Me: Yes. We will go see her tomorrow.
Dad: I guess I’ll have to go to Walmart and get her something.
repeat ad nauseam.
When I got home, I reminded him we would go see Mom tomorrow and told him I had bought her a sweater and a t-shirt. It’s hard to buy her anything. She has at least 7000 stuffed animals and far more clothing than she will ever wear. I’ve bought her a bunch of snuggly blankets and a couple hundred other blankets have found their way into her room. But the sweater and tee are cute and cheerful Christmas tops. What the hell. We set a time to go – well, I set a time to go. I will remind him in the morning and try to get him to changes his clothes too. It’s been a week and a half since he changed his pants – and that is not hyperbole.
So Tuesday morning I remind him we will go see Mom after lunch.
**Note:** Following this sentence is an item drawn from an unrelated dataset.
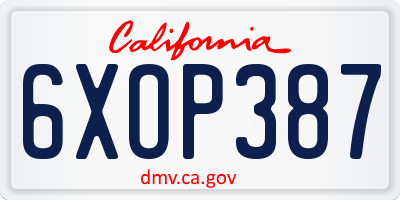 CA license plate 6XOP387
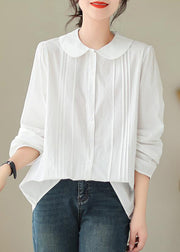 Simple White Peter Pan Collar Wrinkled Cotton Shirt Spring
We go over the birthday thing, money, presents, flower and time. And I tell him to change his clothes again. Amazingly, when I call to check if he’s ready to go he says he is although he has not, in fact, changed his pants. I bring the car around and it only takes me another half hour to get him out of the house and into the car. During the half hour drive he checks his wallet at least 800 times. He tells me he will take the card my brother sent into her. We go over that it’s her birthday and yes we have a present and we will get her flowers next week for family night. (Why, you ask, didn’t I just let him get flowers yesterday? Because it will take another hour or more to stop and buy flowers and I am trying to get him to the nursing home before Mom takes her nap.)
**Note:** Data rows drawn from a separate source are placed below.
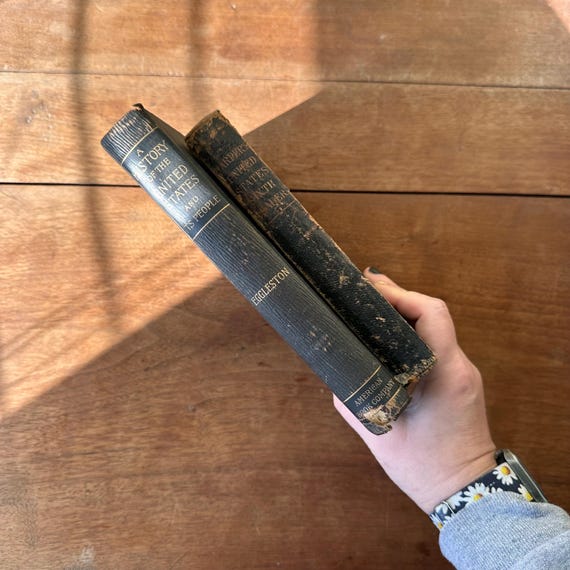 Antique Schoolbook Set - Harper’s Sixth Reader & United States History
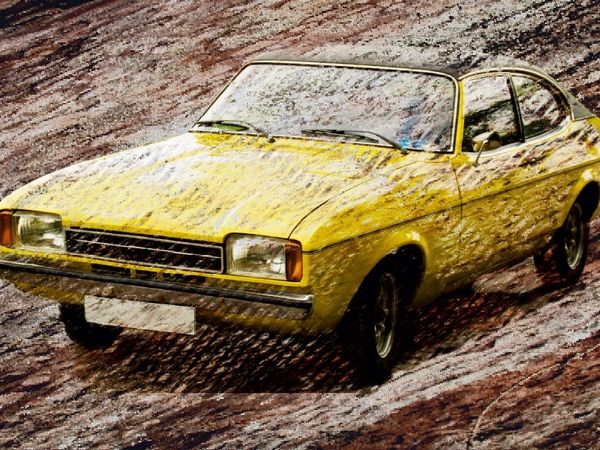 Produktbild: CALVENDO Puzzle Gelber Ford Capri vor steinigem Hintergrund | 1000 Teile Lege-Gr&ouml;&szlig;e 64x48cm Foto-Puzzle f&uuml;r gl&uuml;ckliche Stunden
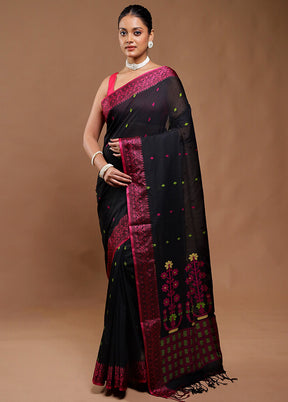 Black Pure Cotton Saree With Blouse Piece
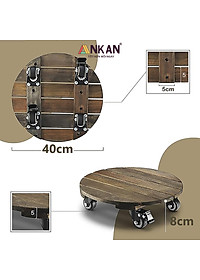 Đế Lót Chậu Cây Có Bánh Xe Cao Cấp ANKAN Hình Vuông Màu Đen 35x35Cm, Tải trọng 150 Kg, Di Chuyển Chậu Cây Nặng Dễ Dàng, Êm Ái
Mom is laid down for her nap when we get there but she is not asleep. I give her a kiss and tell her happy birthday and she smiles. I am not sure she knows what I am talking about but at least she smiles. Dad sits across the room, not that there are a lot of seating options. “We” open her present and look at her shirts. She agrees the cards are pretty. Suddenly, when I say something about her birthday, Dad looks up surprised. “Today is her birthday?” he asks. “I didn’t get her anything.” I remind him that we got her the shirts that I just showed Mom and him. “I don’t remember,” he says. Repeat a dozen times over the next 30 minutes.
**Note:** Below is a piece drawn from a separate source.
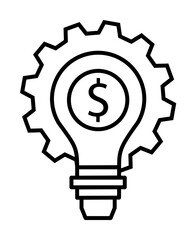 creativity, technology, usd, idea icon illustration on transparent background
He wants to get a hamburger when we leave. So, we get a hamburger. I help him get the money out to pay and take part of the immense stack of one dollar bills he has in his wallet. He never uses one dollar bills to pay for stuff so I trade them out for bigger bills periodically. Clearly I have not done so this month. I try to check for whether he needs more cash and he does not understand why. I remind him again that I keep him stocked in cash. We’ll go over this tomorrow because my purse is out of reach to trade bills and give him some more spending money right now. The ride home is fairly quiet. I do not have the energy to go over the birthday thing again. Occasionally he suddenly remembers that he meant to take Mom some magazines. She cannot read and won’t even look at the pictures. Eventually, I just agree that I will take her some magazines. I am stupid that way. I should start out just agreeing instead of explaining. Hell, it will help clear away some of the magazines stacked up on the table.
As I said to my other brother yesterday morning, it’s not that I do that much. It’s not that big a deal. It’s just that I feel so tired.